Meta Platforms, trading at 29x trailing earnings and 22x forward earnings, is a top Magnificent 7 stock favored by long-term investors. Q4 earnings are set for January 28, but heavy AI spending raises concerns about profitability. A study shows one habit that doubles Americans’ retirement savings. Investors holding Meta stock are pleased with the company’s strong monetization of its user base.

Despite the historical Santa Claus rally, questions arise about Meta’s growth being already priced in. Concerns about AI spending affecting profitability and valuations have led to market volatility. The company’s future growth and profitability remain uncertain. Market sentiment around AI could impact Meta negatively. Meta’s Q4 earnings report on January 28 may not meet market expectations due to AI-related spending.

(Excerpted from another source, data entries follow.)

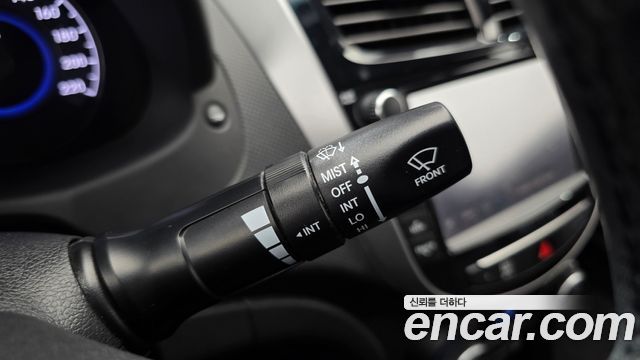 Hyundai Accent 2016 — photo 25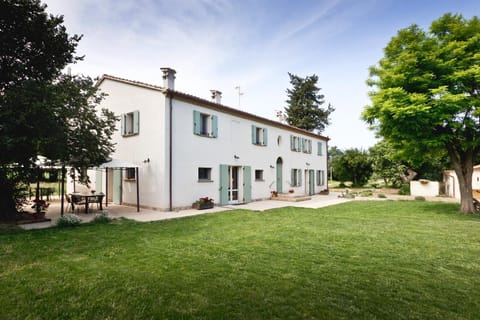 Facade/entrance, Garden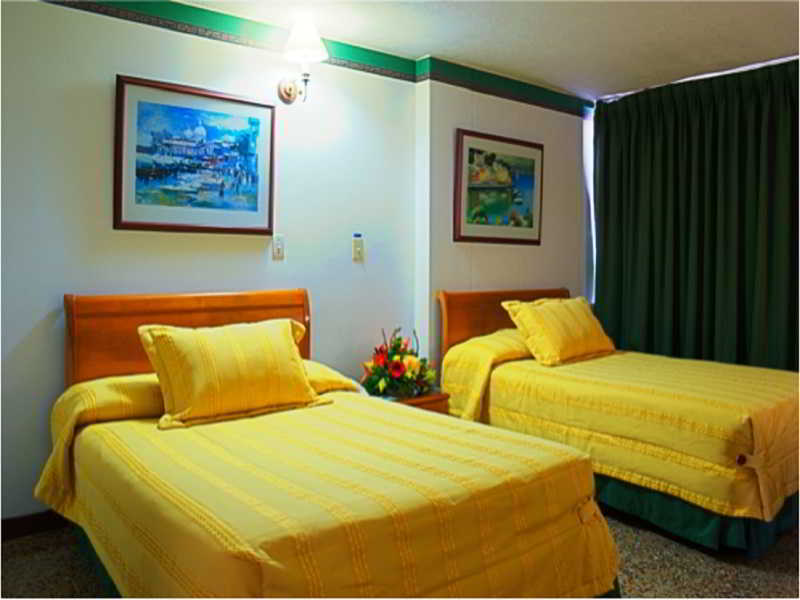 Hotel Villavicencio Plaza מראה חיצוני תמונה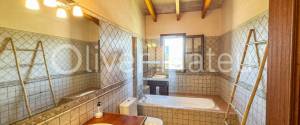 VILLA WITH HOLIDAY RENTAL LICENSE, TWO GUEST HOUSES AND HORSE STABLES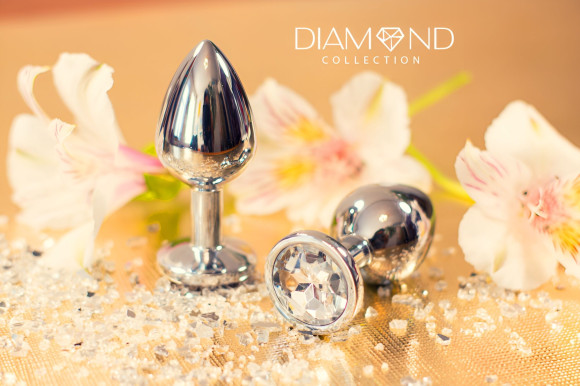 Малая серебристая анальная пробка Diamond Clear Sparkle Small с прозрачным кристаллом - 7 см.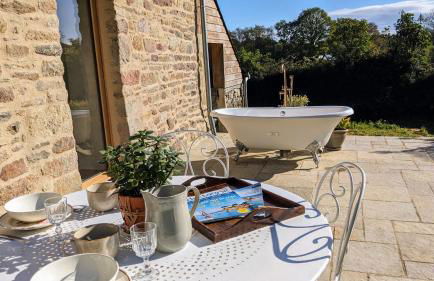 La Maison dans les Bois - Plages 30 min - Foto 3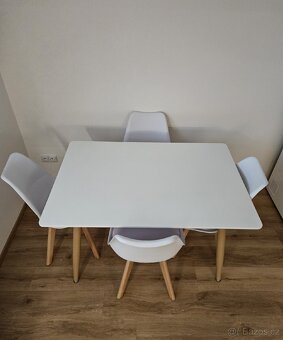 Jídelní set, jako nový bez poškození - 2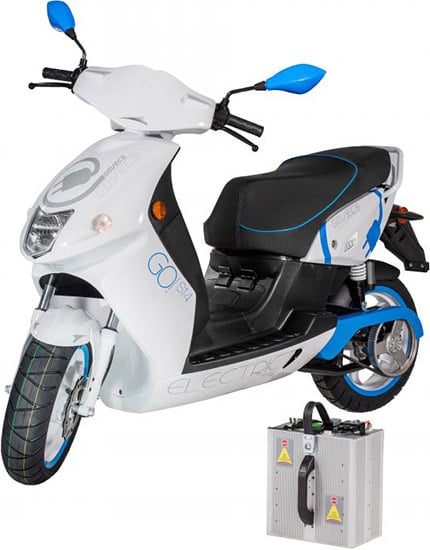 Pour recharger le scooter, on peut sortir les 15 kilos de batteries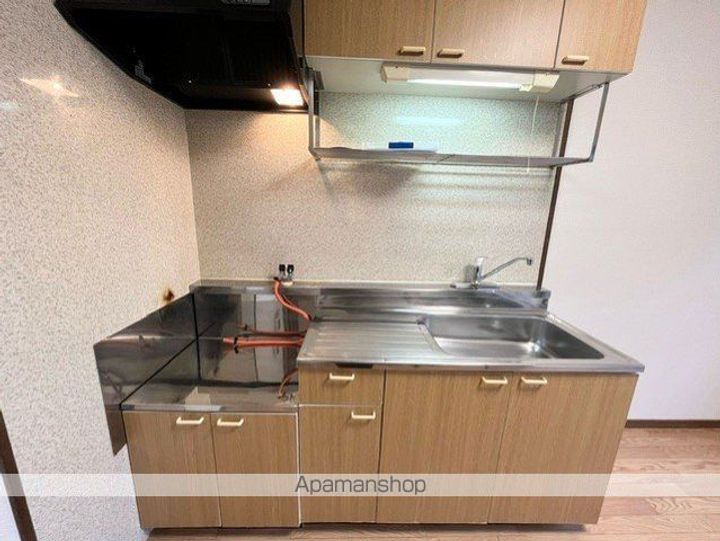 滋賀県高島市城山台1丁目の賃貸アパートのキッチン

Market expectations for Meta’s earnings and cash flow growth could slow due to AI-related spending. The company’s future AI applications and tools spending will be closely monitored by investors. The macro backdrop in 2026 may not be as supportive as in 2025, affecting all companies, regardless of industry. Investors need to consider potential economic headwinds and stimulus measures like tax refunds.

A study reveals that one habit can double Americans’ retirement savings, unrelated to income increase or lifestyle changes. Many people underestimate their retirement needs and preparedness. The simple habit, easy to adopt, can significantly boost savings. It’s surprising more people don’t utilize this powerful habit to secure their retirement.